Essentially, the point made here is that the widespread belief that “Millennials”, that dreaded generation of layabouts that are responsible for all of the world's woes and the reason why baby boomers can’t purchase that new yacht they’ve always wanted, have made the egregious claim to being “entrepreneurs” because they have an account on Etsy or eBay.
Well, we’re here to tell them “No, you avo-toast loving, rent-trapped, enjoyers of craft ciders! You’re not entrepreneurs! Go home and watch Netflix or something!”
Jokes aside, the reality of things is that over 60% of Millennials claim to be entrepreneurs when in actuality, the number of young business owners has dipped to a 30 year low. Considering most millennials aren’t even thirty years old yet, we can safely conclude that millennials are full of shit, or, at the very least, confused about what an entrepreneur actually is.
It’s the Journey, Not the Destination
So where do these nifty numbers of business owners actually come from? Well, as it turns out, those in their late 30s to early 40s seem to be the main culprits.
The major success stories for the “1 out of 10” start-ups that actually turn out to be successful are those created by persons over the age of 40, with businesses started up by those between the ages of 50-60 being even more successful, statistically speaking.
The reason behind these facts are difficult to fully figure out, though that certainly can’t stop us from making some assumptions as to why we think this happens.
For the most part, businesses or start-ups probably have a greater chance of success when run by older generations because, normally, such older generations have a wealth of experience younger entrepreneurs simply lack.
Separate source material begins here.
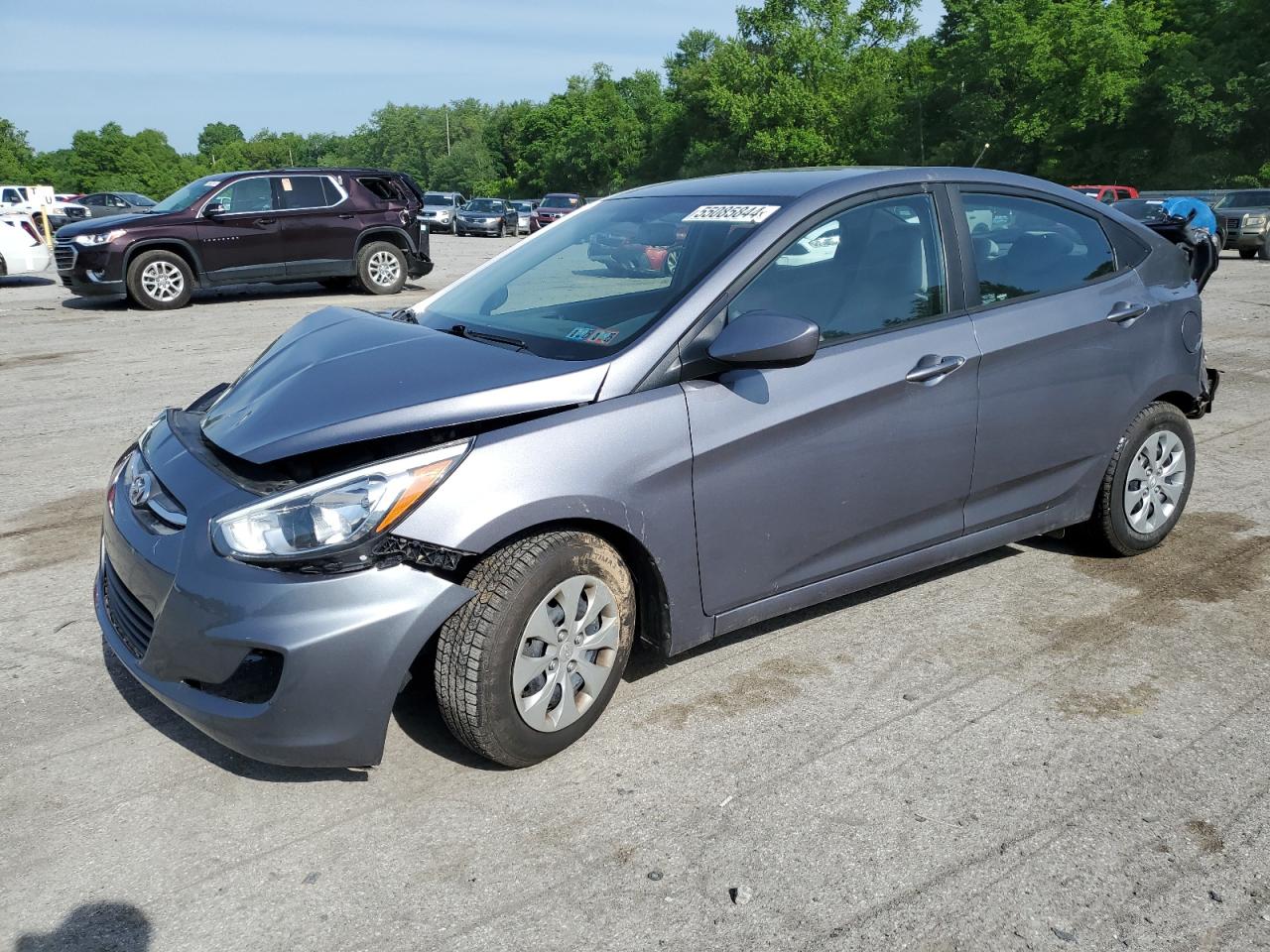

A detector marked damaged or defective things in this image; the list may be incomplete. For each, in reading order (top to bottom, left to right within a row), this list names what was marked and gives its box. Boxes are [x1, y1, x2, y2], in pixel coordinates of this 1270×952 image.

damaged front bumper [95, 416, 477, 767]
cracked headlight lens [213, 441, 472, 565]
“Experience” is a funny term though, often being confused with the idea that simply because someone has been around for a while, that suddenly they have a great wealth of knowledge to give away on any subject. The old cliche of “20 years experience or 1 year of experience repeated 20 times” comes to mind.
Most of the time, these older entrepreneurs have started up previous ventures and turned those into either successes or failures, taking the lessons from each experience with them.
Follow the Basic Rules
So just what are these oh so valuable lessons that are being learned by these older generations as they tank they’re 4th coffee shop or shoe store, only to happen upon an idea for an app that changes the face of the social landscape?
Well, as it turns out, three lessons are particularly useful. Get a pen and write this down.
#1 - Stay in Business: A lot of the time people flake out of their big business ventures because they think continuing one when things start getting really tough means the business is doomed to fail. More often than not, this actually happens with every business at some point, and often the act of pushing forward when things start to look bad is usually when the successful ventures actually become just that - successes.
#2: Monetize This, Monetize That: Another major issue with young entrepreneurs is often the inability to successfully monetize their ideas. All the innovation in the world can be extremely useful, but it’s not worth much if those ideas have now way of actually making money. Often, older entrepreneurs understand this key aspect and know, after a great deal of trial and error, what it takes to successfully get an idea off the ground.
#3 - Diversify. Diversify. Diversify: This is pretty simple to say but difficult in practice. Basically, don’t put all your eggs in one basket. Don’t put everything you have into that single business, keep options open and opportunities available, if you have 10 ventures then at least 1 should statistically be a success.